The AHSN Network’s new Digital & AI report: ‘Lessons and Legacy from the COVID-19 Pandemic in Health and Care’ as part of the NHS Reset Campaign highlights key findings from a research study to understand how technology has helped reduce the care burden during the pandemic, and to identify what should be sustained in the ‘new normal’ longer-term.
The findings highlight the importance of treating health as our greatest national asset to nurture and protect, with preventative health requiring more attention in the long-term. James Teo, Clinical Director of Data Science at King’s College Hospital NHS Foundation Trust, was involved in the study and shares his thoughts:
COVID-19 has highlighted the critical nature of the timeliness of health data especially in a fast-moving pandemic. Everyone can now perceive that analytics at quarterly, monthly or weekly cycles will not be adequate for driving population health or decision-making. Analytics to drive decision-making has to occur in near-real-time at the front-line to be actionable and have any impact. However there are risks that the newly recognised need and urgency overwhelms strategic vision.
One key aspect is the central foundation of good quality interoperable data. Data will have to cross organisations, and the standardisation of data formats are going to be the key to doing anything beyond the scale of a single organisation. Data and systems standardisation is often perceived as boring, abstract and too technical for frontline staff; the real risk is that the hunger for more digital solutions will result in data balkanisation with multiplicity of incongruous data silo’s and non-integrated systems. We can expect that none of these systems will last a decade unchanged, so we need to plan for health data that is agile and not-locked to the underlying system.

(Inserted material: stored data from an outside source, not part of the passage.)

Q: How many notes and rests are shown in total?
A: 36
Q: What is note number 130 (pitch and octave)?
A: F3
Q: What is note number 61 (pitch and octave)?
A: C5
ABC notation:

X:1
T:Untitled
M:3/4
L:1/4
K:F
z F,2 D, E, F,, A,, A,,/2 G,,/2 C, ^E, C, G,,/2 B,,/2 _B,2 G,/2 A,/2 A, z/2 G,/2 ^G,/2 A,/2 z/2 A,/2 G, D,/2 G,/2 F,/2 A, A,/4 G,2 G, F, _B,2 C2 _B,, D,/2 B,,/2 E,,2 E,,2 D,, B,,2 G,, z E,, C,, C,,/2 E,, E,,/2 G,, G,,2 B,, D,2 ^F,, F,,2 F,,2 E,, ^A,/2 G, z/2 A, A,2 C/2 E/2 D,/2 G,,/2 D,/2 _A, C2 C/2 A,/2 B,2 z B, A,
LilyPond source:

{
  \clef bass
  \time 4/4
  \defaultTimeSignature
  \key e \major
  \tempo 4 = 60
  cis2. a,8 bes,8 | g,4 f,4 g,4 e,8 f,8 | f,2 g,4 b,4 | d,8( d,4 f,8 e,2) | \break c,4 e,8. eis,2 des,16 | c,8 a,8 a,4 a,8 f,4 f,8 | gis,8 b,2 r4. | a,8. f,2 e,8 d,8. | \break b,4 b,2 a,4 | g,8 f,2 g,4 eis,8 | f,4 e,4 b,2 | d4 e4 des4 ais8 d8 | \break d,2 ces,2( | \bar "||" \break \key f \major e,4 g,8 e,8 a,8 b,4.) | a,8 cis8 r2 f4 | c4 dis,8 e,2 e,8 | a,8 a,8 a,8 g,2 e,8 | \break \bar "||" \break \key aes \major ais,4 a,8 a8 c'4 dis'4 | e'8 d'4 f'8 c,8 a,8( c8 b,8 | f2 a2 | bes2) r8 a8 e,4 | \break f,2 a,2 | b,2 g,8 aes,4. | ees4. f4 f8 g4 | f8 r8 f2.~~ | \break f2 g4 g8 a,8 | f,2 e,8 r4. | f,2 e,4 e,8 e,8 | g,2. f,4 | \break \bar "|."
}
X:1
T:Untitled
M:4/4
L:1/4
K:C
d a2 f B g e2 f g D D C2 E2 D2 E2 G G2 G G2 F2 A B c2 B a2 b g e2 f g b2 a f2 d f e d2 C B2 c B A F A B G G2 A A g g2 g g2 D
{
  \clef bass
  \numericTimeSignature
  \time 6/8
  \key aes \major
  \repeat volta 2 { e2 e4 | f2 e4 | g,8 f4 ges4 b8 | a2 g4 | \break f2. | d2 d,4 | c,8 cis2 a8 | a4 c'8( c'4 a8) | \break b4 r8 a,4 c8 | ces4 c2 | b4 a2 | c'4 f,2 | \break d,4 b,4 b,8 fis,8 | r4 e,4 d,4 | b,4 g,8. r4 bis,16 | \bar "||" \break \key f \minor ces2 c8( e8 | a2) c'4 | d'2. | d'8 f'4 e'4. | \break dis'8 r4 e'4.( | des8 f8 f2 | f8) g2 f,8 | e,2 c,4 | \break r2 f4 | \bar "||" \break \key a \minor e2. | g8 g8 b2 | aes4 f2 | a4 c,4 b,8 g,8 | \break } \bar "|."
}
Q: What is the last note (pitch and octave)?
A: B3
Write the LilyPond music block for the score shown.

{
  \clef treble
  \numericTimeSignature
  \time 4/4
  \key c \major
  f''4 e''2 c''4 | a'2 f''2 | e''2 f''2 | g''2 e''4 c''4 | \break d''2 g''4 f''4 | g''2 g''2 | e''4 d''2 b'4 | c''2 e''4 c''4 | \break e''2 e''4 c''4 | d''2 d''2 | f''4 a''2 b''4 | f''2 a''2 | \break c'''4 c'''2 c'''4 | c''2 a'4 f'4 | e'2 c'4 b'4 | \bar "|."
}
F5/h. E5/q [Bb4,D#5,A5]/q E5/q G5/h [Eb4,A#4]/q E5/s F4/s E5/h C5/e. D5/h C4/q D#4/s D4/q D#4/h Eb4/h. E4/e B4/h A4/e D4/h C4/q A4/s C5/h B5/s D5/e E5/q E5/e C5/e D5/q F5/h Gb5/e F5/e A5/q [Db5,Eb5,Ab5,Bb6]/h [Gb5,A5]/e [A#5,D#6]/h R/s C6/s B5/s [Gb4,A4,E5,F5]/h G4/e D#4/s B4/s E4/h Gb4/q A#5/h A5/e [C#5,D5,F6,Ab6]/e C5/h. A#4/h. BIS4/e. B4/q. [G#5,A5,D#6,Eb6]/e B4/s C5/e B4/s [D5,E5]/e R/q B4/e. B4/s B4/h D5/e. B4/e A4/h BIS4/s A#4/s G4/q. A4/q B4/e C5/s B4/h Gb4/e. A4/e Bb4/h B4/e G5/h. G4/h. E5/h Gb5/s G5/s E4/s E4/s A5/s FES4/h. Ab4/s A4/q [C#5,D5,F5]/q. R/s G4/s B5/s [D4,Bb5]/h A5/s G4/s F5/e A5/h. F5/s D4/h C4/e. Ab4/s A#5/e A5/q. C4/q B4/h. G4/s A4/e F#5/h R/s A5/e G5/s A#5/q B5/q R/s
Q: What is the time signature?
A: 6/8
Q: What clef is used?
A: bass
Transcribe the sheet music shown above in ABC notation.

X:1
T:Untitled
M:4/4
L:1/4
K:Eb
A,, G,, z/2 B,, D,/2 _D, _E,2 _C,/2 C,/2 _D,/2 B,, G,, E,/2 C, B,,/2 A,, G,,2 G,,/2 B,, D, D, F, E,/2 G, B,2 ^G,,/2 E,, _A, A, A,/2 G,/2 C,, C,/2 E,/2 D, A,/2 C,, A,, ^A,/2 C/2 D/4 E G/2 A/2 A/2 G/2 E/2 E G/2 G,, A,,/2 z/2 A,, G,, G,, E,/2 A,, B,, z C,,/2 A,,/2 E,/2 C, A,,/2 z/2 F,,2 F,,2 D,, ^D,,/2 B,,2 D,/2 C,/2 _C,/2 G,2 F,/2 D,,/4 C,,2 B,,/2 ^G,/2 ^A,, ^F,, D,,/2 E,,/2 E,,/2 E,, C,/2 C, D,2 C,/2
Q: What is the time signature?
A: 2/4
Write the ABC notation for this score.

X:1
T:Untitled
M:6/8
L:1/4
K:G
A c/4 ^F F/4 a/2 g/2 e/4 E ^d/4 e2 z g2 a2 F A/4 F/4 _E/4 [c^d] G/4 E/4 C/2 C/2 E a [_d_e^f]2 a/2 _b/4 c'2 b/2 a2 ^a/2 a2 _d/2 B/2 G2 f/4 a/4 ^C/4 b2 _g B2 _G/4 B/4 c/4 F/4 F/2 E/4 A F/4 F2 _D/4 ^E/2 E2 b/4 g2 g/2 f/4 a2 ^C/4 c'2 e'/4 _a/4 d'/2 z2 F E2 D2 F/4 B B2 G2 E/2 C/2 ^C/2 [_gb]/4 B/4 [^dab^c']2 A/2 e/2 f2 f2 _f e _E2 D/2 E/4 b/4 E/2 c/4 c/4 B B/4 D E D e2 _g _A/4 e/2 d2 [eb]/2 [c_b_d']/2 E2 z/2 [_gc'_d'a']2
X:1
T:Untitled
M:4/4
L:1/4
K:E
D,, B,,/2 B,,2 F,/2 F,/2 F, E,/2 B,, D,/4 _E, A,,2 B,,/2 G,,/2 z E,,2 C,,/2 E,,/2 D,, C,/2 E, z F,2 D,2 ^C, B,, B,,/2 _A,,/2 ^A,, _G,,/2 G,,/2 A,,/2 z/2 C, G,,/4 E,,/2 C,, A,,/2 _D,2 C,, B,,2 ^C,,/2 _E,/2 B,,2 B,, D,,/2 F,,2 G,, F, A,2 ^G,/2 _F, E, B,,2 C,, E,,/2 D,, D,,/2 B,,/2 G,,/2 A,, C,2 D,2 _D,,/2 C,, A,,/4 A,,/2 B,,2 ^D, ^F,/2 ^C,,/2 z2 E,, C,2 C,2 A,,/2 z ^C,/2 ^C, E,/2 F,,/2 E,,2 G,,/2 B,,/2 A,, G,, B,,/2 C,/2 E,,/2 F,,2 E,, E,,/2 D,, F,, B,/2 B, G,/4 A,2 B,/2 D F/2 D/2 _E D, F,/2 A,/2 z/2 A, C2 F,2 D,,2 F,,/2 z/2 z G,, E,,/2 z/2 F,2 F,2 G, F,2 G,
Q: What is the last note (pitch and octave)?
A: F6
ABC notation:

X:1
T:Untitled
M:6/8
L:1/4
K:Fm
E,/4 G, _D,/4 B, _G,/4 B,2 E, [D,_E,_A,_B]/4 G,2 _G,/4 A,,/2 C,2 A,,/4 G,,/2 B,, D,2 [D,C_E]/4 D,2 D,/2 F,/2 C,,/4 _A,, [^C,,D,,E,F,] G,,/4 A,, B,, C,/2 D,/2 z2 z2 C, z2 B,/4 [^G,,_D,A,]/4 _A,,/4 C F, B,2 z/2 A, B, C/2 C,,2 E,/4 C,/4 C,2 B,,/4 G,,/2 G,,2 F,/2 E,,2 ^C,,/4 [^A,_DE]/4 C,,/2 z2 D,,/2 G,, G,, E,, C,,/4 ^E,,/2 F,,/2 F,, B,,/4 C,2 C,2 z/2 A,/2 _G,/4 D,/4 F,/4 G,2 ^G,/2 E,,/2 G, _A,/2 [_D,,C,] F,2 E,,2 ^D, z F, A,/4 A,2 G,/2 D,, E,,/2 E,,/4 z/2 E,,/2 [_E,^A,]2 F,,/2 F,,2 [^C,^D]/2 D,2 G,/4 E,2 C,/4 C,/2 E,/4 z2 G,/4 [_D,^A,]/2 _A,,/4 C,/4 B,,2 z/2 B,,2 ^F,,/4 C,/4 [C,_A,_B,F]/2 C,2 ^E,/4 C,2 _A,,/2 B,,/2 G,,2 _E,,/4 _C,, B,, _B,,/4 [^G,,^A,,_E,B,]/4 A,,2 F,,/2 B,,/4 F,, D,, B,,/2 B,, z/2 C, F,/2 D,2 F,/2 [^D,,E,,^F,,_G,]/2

The other risk is that in the hunger for more digital systems and data, we end up reducing healthcare to form-filling and taking people away from delivering healthcare. Often in healthcare, when faced with a problem, a form (or ‘proforma’) is suggested as the means for solving a problem to allow data collection. Likewise patients balk at the prospect of repetitive form-filling (whether paper or web-based) to receive healthcare. We already balk at repeatedly filling in our personal details on different e-commerce websites, imagine a scenario where every health app, health intervention and clinic needs this. My belief is both a combination of API’s and human-efficient ways to collect and standardise data will be the way forward.
How we achieve this balance between rushing for actionable analytics and cautious laying of data foundations will determine whether the future of digital healthcare will be streamlined and efficient or the future will be just as clunky and frustrating as we have today.